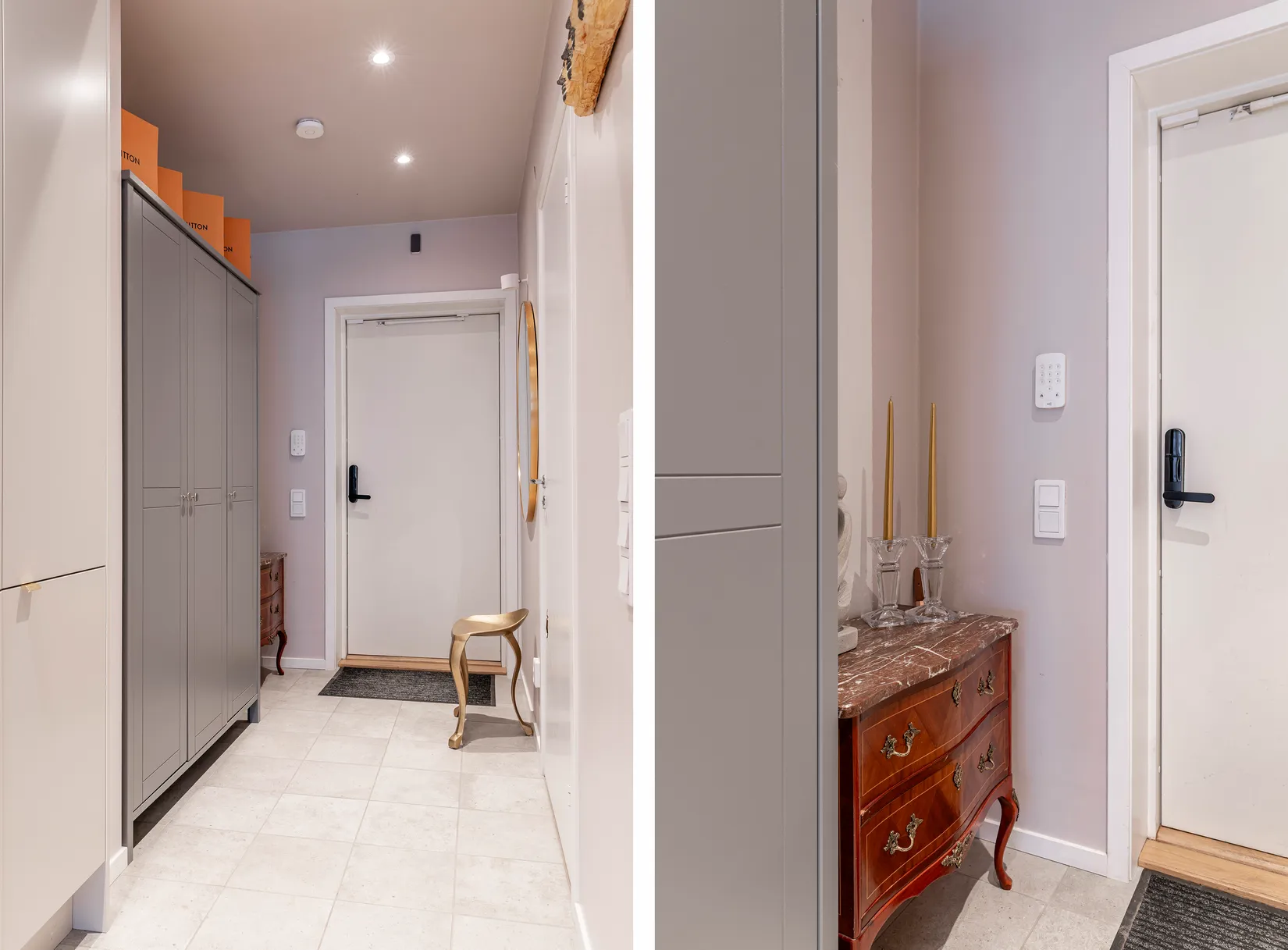 Bostadsrätt, Radhus, Molnstigen 5C, Väsjön, Sollentuna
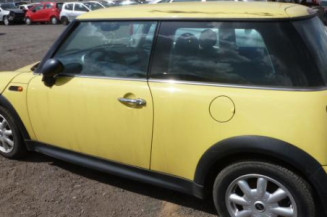 Commande chauffage MINI MINI 1 R50/R53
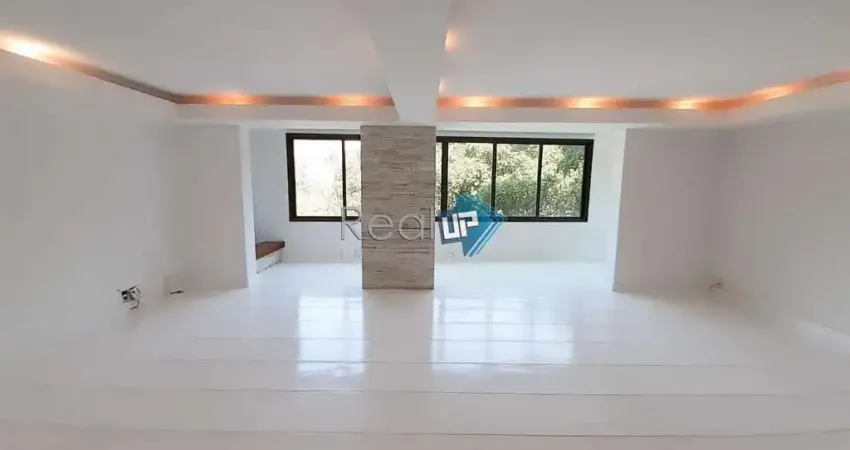 Apartamento com 3 quartos à venda na Avenida Rui Barbosa, Flamengo, Rio de Janeiro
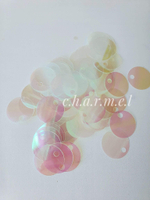 Mother of pearl Transparent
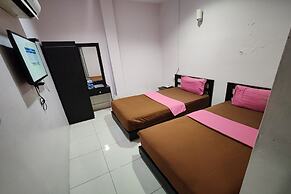 Hotel Kuang Hua Sitiawan Near To (UniKL-MIMET)
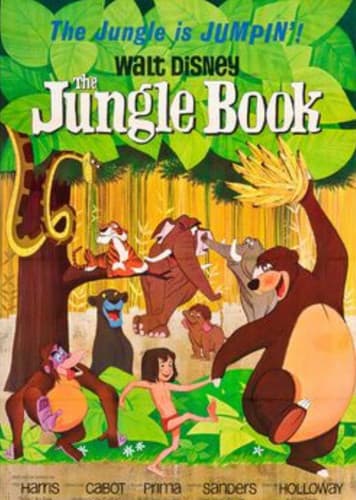 The Jungle Book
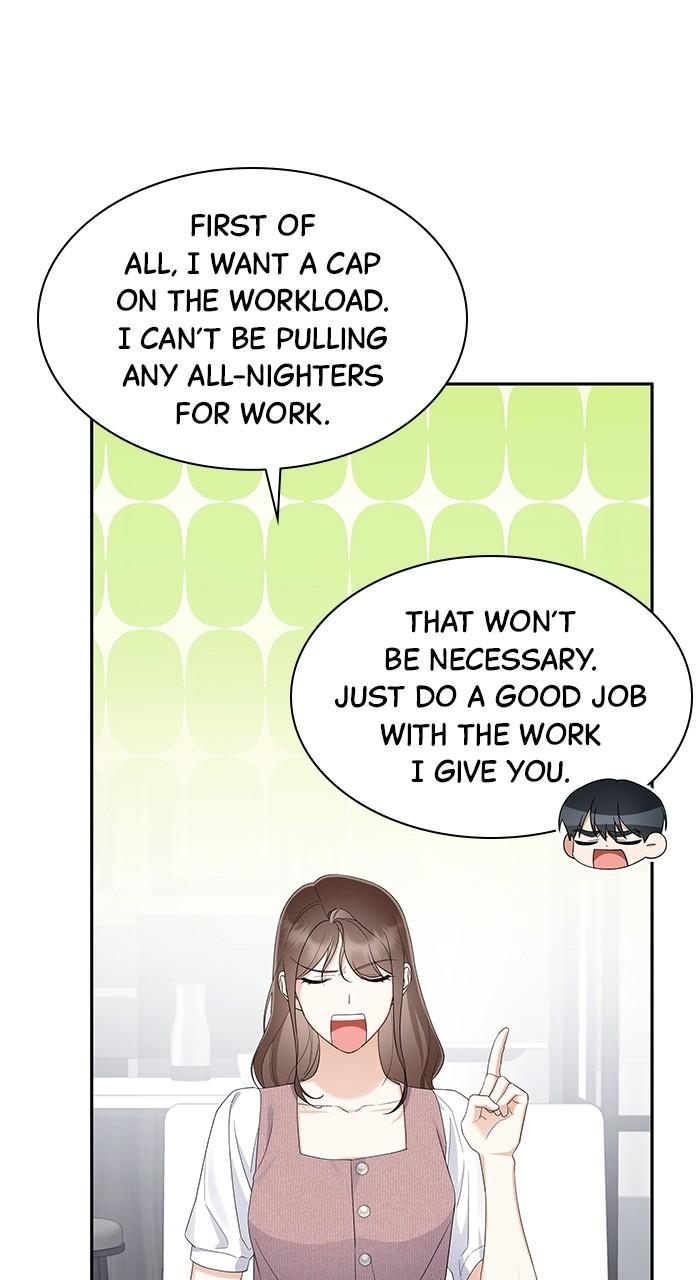 The New Hire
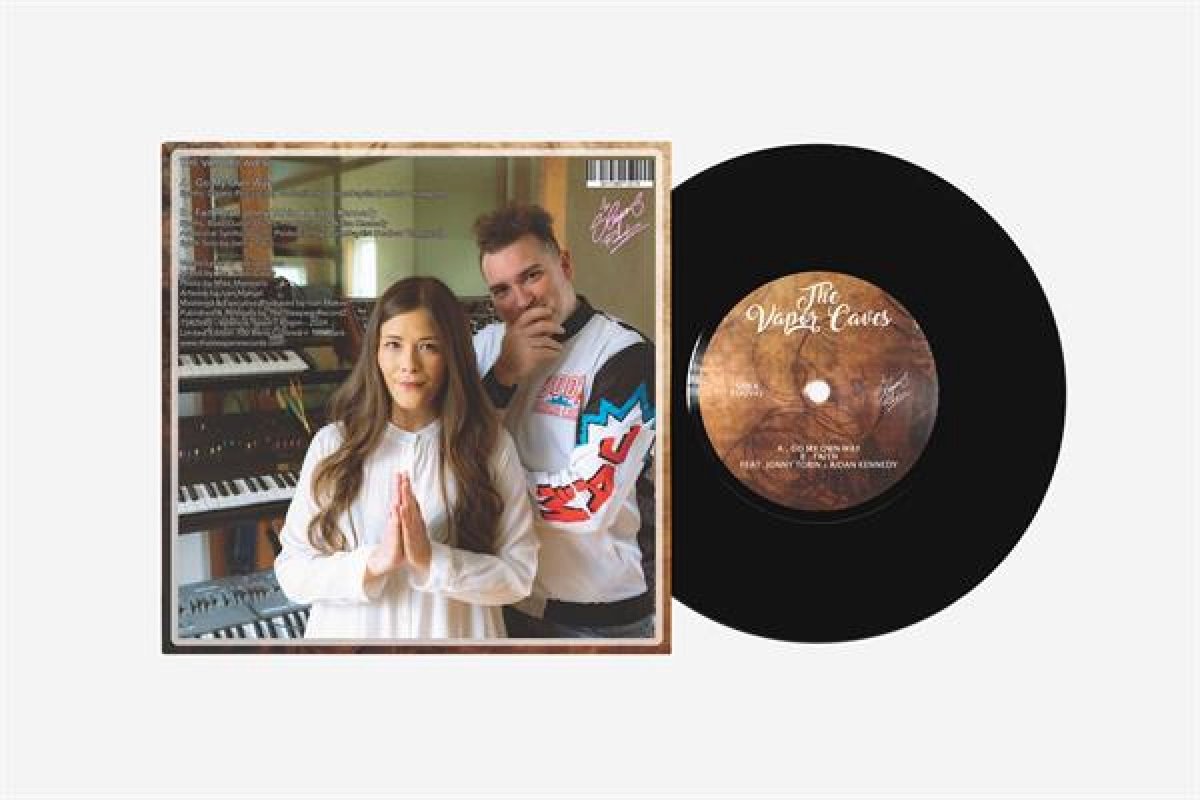 Go My Own Way/Faith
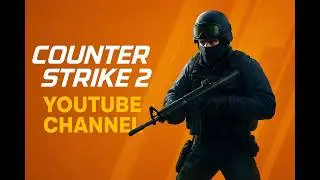 Одноглазый стример идёт к 10 LVL Faceit в Counter strike 2 online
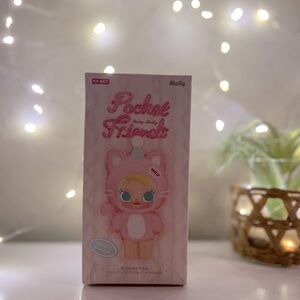 Pocket Friends Molly Blind Box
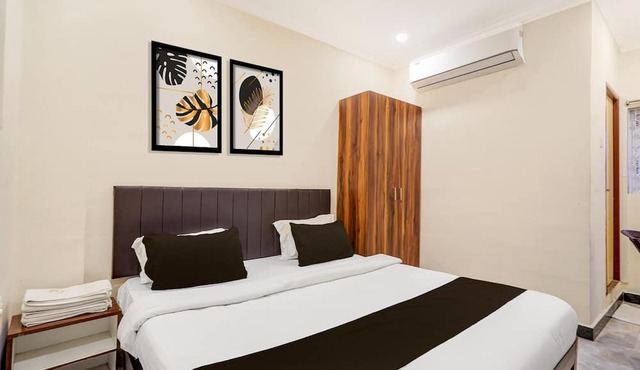 Townhouse Vellore Fort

··········

PROBLEM STATEMENT: Please reproduce the entries from above exactly; images are not part of the copy.

OUTPUT FOR THIS EXERCISE:
 Bostadsrätt, Radhus, Molnstigen 5C, Väsjön, Sollentuna
 Commande chauffage MINI MINI 1 R50/R53
 Apartamento com 3 quartos à venda na Avenida Rui Barbosa, Flamengo, Rio de Janeiro
 Mother of pearl Transparent
 Hotel Kuang Hua Sitiawan Near To (UniKL-MIMET)
 The Jungle Book
 The New Hire
 Go My Own Way/Faith
 Одноглазый стример идёт к 10 LVL Faceit в Counter strike 2 online
 Pocket Friends Molly Blind Box
 Townhouse Vellore Fort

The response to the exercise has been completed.